You require this for syntax:

transport://host host host host host:port/dn?filter

this is not RFC compliant, you cannot embed multiple hosts like that. This is a hack and it's not a good one.  It prevents many common and desirable configs.

This is the right way to do it:

transport://host:port/dn?filter transport://host:port/dn?filter transport://host:port/dn?filter

It's the way OpenLDAP's code does it, it's the way PADL's code does it, it's the only way I know of that conforms to the relevant RFCs.  The relevant RFCs were written by Kurt Zeilinga, and Kurt uses the form I've recommended in his own code.  All the people complaining about failover not working are trying to use this well-known format which Apache does not support.

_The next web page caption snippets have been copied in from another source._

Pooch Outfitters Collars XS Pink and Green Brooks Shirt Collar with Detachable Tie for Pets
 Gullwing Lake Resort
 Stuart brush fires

In regards to ldapi, that is one single line of my previous post.  I was trying to illustrate that a proper syntax will allow access to *everything* the client libraries provide, including ldapi.  However, if that introduces confusion, please ignore the one single line that mentions ldapi, I did not mean to mislead you.
Comment 14 Eric Covener 2010-01-25 11:40:58 UTC
I understand what's desirable, I just don't see how it relates to the bug report it's attached to.  Stefan fixed the reported problem for modern openldap by using a timeout on non-connect operations, which is IMO orthogonal to not being able to specify two different transports.
Comment 15 Eric Covener 2010-01-25 11:51:42 UTC
probably aiding in the confusion: OP discussed this issue in multiple bugs and on the ML, and my discussion of the internal host and connect timeouts is actually OT for the issue he reported and fixed by setting a timeout in his SDK directly.

Charlie: Please open a new bug or enhancement request along with as much SDK info as you can gather.

timeout issue fixed in trunk rev for contemporary openldap (and resolvy OP via setting timesouts system-wide, see 48515)

http://svn.apache.org/viewvc?rev=898102&view=rev
Comment 16 charlie 2010-01-26 08:08:31 UTC
(In reply to comment #15)
> Charlie: Please open a new bug or enhancement request along with as much SDK
> info as you can gather.

So let it be written, so let it be done.

https://issues.apache.org/bugzilla/show_bug.cgi?id=48623

Eric, thank you for your help and advice!  I am not an experienced bugzilla user, and I haven't written anything in C in at least a decade, but I know LDAP very well.
Comment 17 Muzi 2010-01-26 10:49:12 UTC
I have figure out network timeout issue and fixed it. As i mentioned i already define two ldap hosts, and its works on failover if ldap service is not run on primary ldap then its switch to secondary ldap2 automatically in just some seconds
but problem for if primary ldap is down like poweroff etc then apache hangs, so the soluiton is define below directive in --> /etc/openldap/ldap.conf file

NETWORK_TIMEOUT 4 (with 4 seconds wait)

So its switch to ldap2 incase of network failure with primary ldap1, i can test it gradually by down ldap1 with poweroff or unplug network cable or block port using iptables, its now works f9. :)

Muzi
Comment 18 Mark A. Ziesemer 2010-12-28 16:19:35 UTC
Relating to the ldapi:/// URLs, please refer to bug 44302.